Thursday, May 9, 2019

Dwelling Safely in the Privacy of Suffering

I like to be honest. I see no sense in putting on a mask. There is no encouragement to the masses in conquest without pain. But this is something God gave me in the privacy of my own anguish recently. I thought it worthy of transparency and sharing.
There is an invective spiritual force that hates us, and the more we draw near to God, the more this force endears itself to our ruin. And if you read that to your distaste, maybe this article isn’t for you. But anyone given to spiritual attack—given occasionally to the censures of spiritual warfare—will agree; it comes in the matter of a soul suffering that punishes our cause of good but for a time.
This article is about staying safe when we’re under the spell of that kind of torment—the private suffering that many are given to, but that so many do not feel comfortable talking about, let alone expressing with candour.
There have been many times in my life when I felt overwhelmed spiritually, to the point of some temporary madness. Not that I was insane. Each time I’ve been very well aware in my own mind that I was still very sane, but that I had far less control over my visceral faculties than I wished to have. This is a scary place to be, even for a short time, because the thoughts we have can be abjectly dangerous, and those thoughts might be acted out.

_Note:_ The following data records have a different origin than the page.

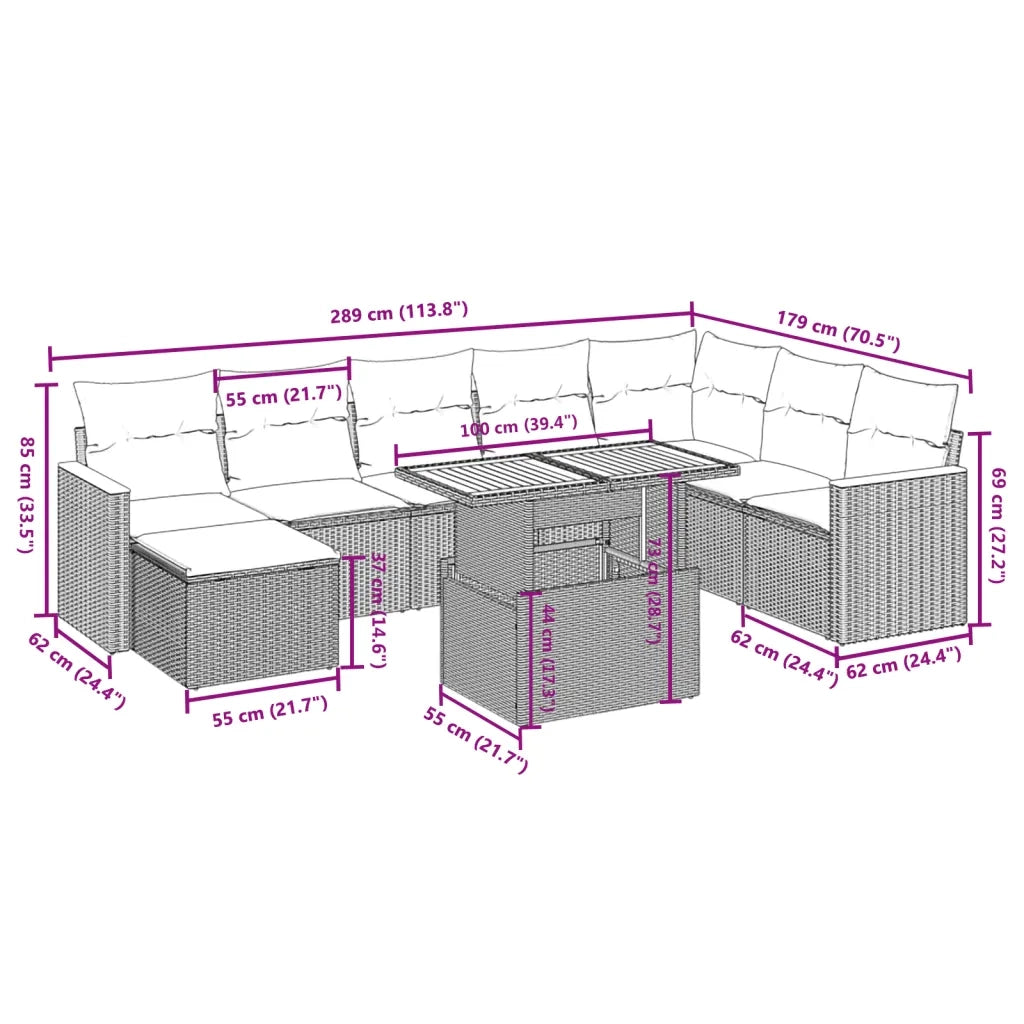 Set Divani da Giardino 9 pz con Cuscini Nero in Polyrattan 3273211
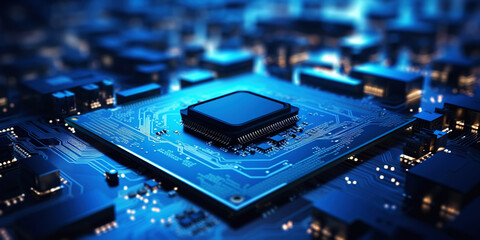 Heart of the Machine: Microprocessor in Cool Glow. Blue motherboard. Generative AI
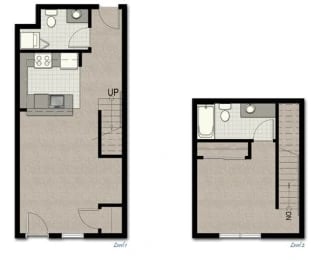 Two-level apartment floor plan: first floor with kitchen and living area; second floor with bedroom and bath.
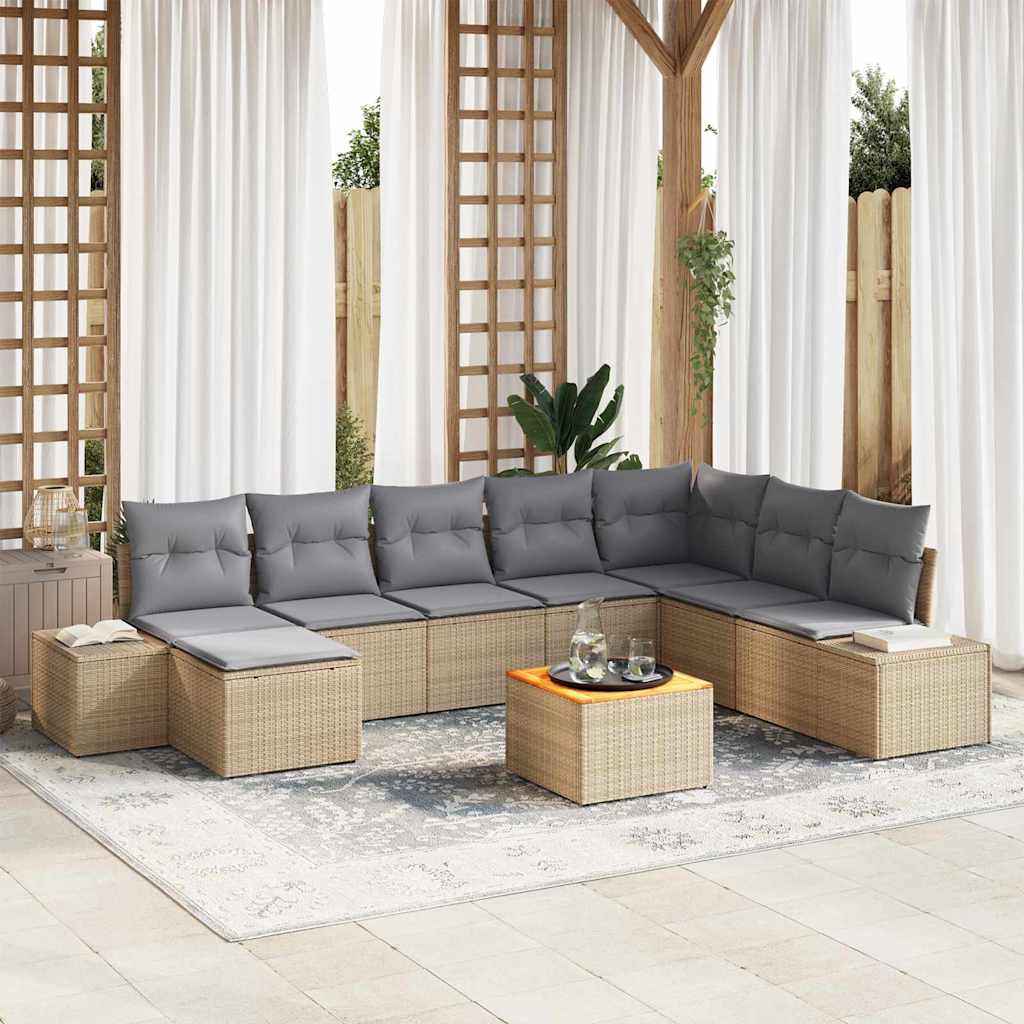 Havesofa Sæt med pude 9 pcs Beige polyrattan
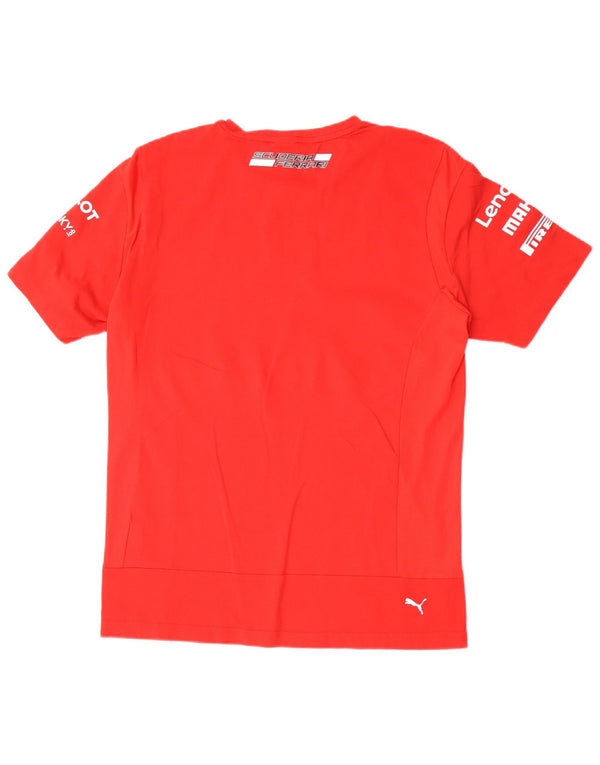 Puma Femme Ferrari Graphic T-Shirt Top UK 16 Large Rouge Coton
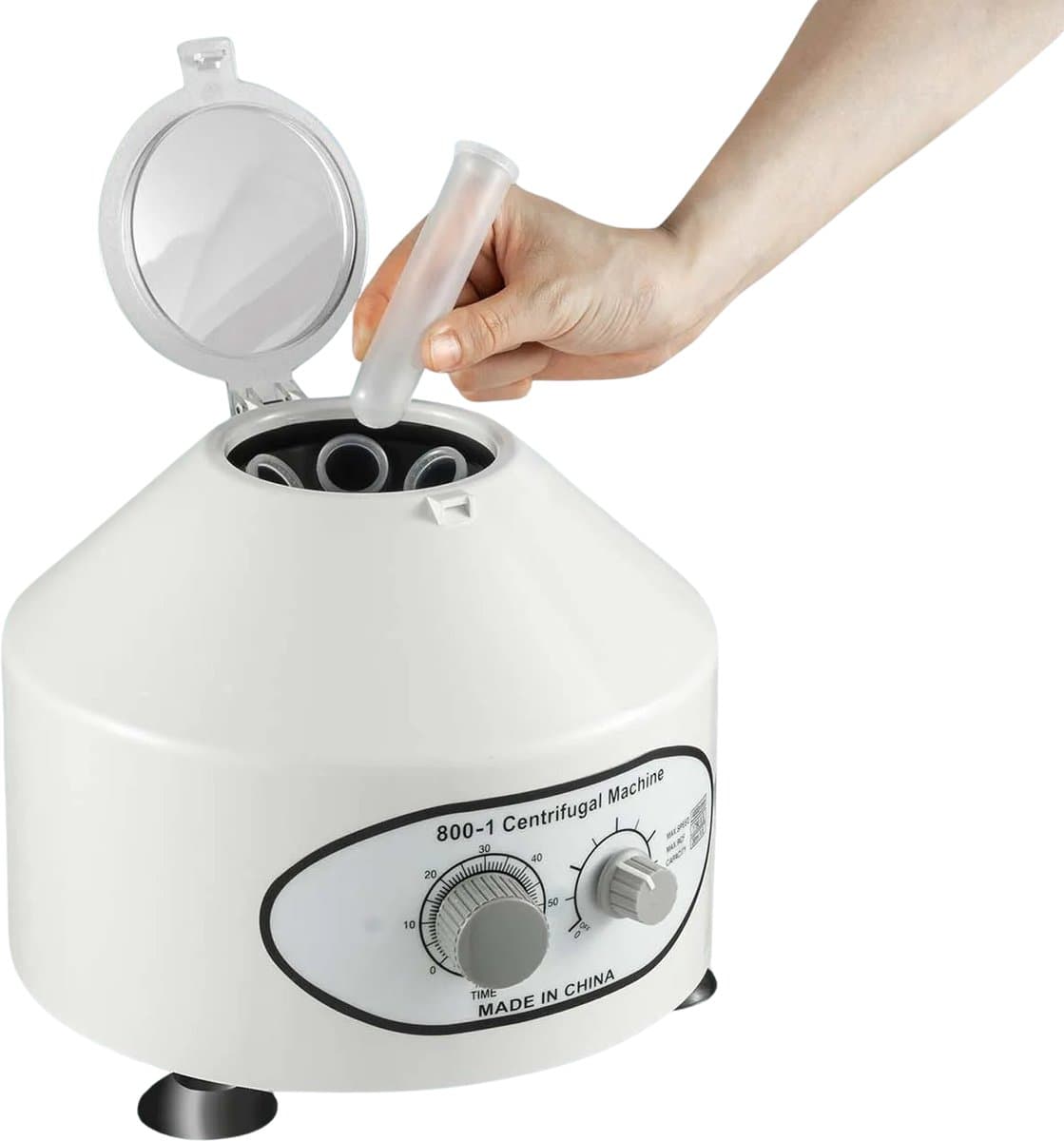 Flolife - Laboratoriumcentrifuge 6x20 ml 1790xg – Elektrische Tafelcentrifuge 0-4000 TPM met Regelbare Snelheid en Timer, 220V 25W voor Bloed, Plasma en Laboratoriumgebruik — afbeelding 1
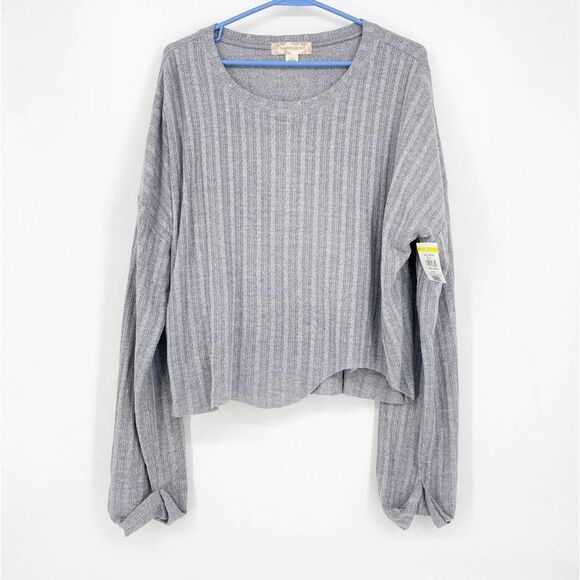 Band of Gypsies Westminster Heather Gray Asymmetrical Hem Sweater Medium - Picture 2 of 8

What do we do when we’re beside ourselves in suffering; a malady not of our own prescription and always a condition that leaves us strewn from even our own understanding?
These are private sufferings we hardly share with anyone. There might be a marriage partner who may know, but so frequently in life many people who suffer in ways that feel shameful or especially weak (not saying it is) never feel they can confide about their anguish. This just gives the shame more power.
It is remarkably normal for any and all of us to suffer in ways that feel inherently shameful. We feel guilty for a whole range of reasons, few of which are genuinely logical.
This needs to be remembered. By far and away the most common thing I do in the counselling space is to reassure people they’re normal. I can tell you that I’ve  felt and done things when I’ve suffered that I’d hardly feel comfortable sharing publicly.
But the fact is these need to be shared openly
such that people could see that
we’re all normal until you get to know us!
Few people go through life without having experienced some kind of dark night of the soul, and those who do have probably been active in their denial.
If we’ve suffered to such a degree that our behaviour is a tightly kept secret, because of the shame it induces, we need to be reminded that this suffering is very common.
Suffering is a common feature of our humanity,
especially when we’re pushed beyond our limits.
What is most important and most transformational at one and the same time is something that should be remembered at the time when we most need it: to hear God say in our lament, “Go gently, sweet son/daughter, this too shall pass, and you will soon be resurrected from what overwhelms you, so hold fast to gentleness as you pass through the storm.”